** Dataset content **

··········

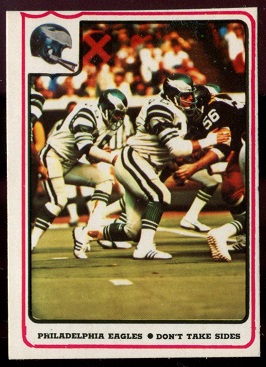 Philadelphia Eagles - Don't Take Sides 1976 Fleer Team Action football card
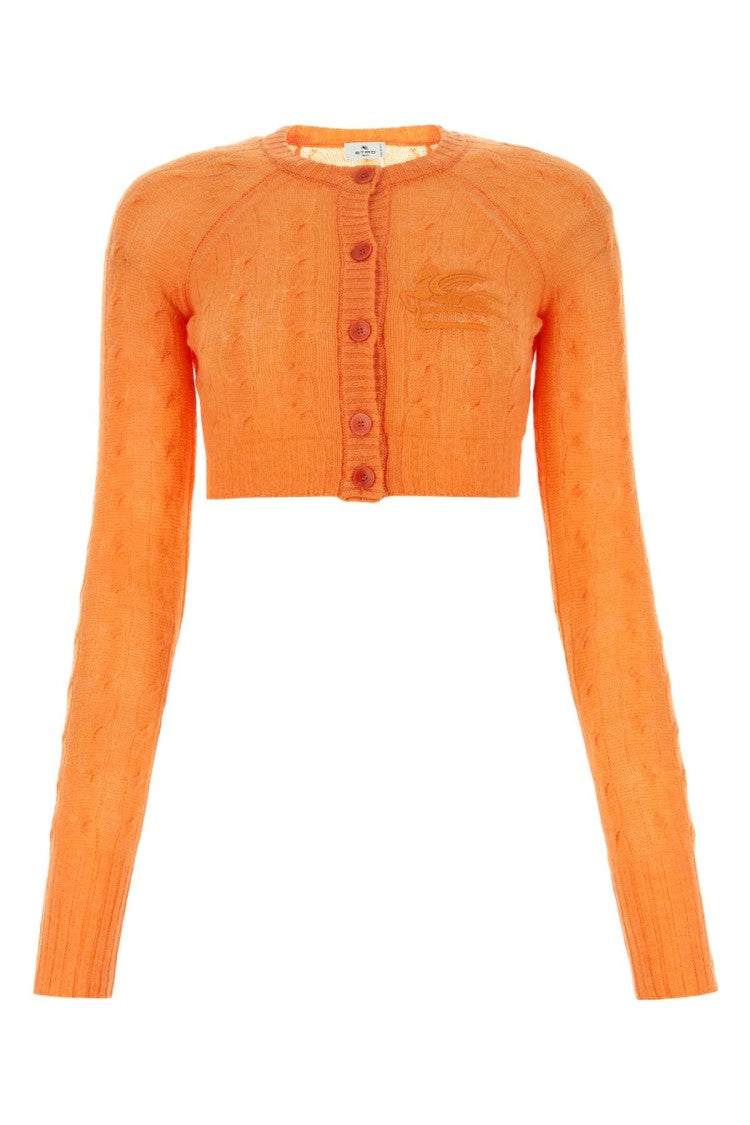 Etro Orange Cashmere Cardigan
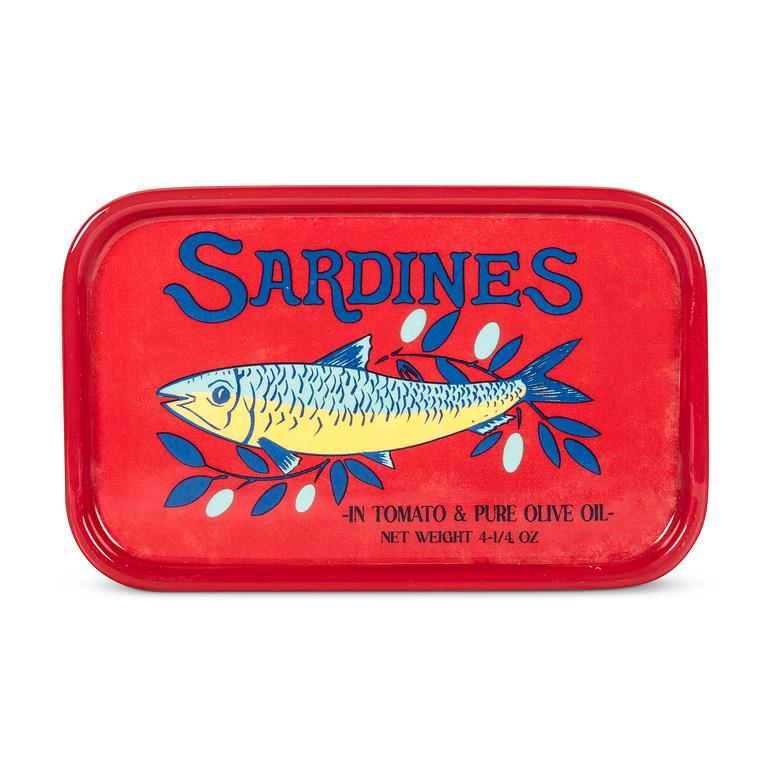 Vintage Inspired Sardine Tin Ceramic Plate - Che Cose Belle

··········

** Instructions for the task **
Exclude the pictures and print the rest of the data exactly.

** Task output **
 Philadelphia Eagles - Don't Take Sides 1976 Fleer Team Action football card
 Etro Orange Cashmere Cardigan
 Vintage Inspired Sardine Tin Ceramic Plate - Che Cose Belle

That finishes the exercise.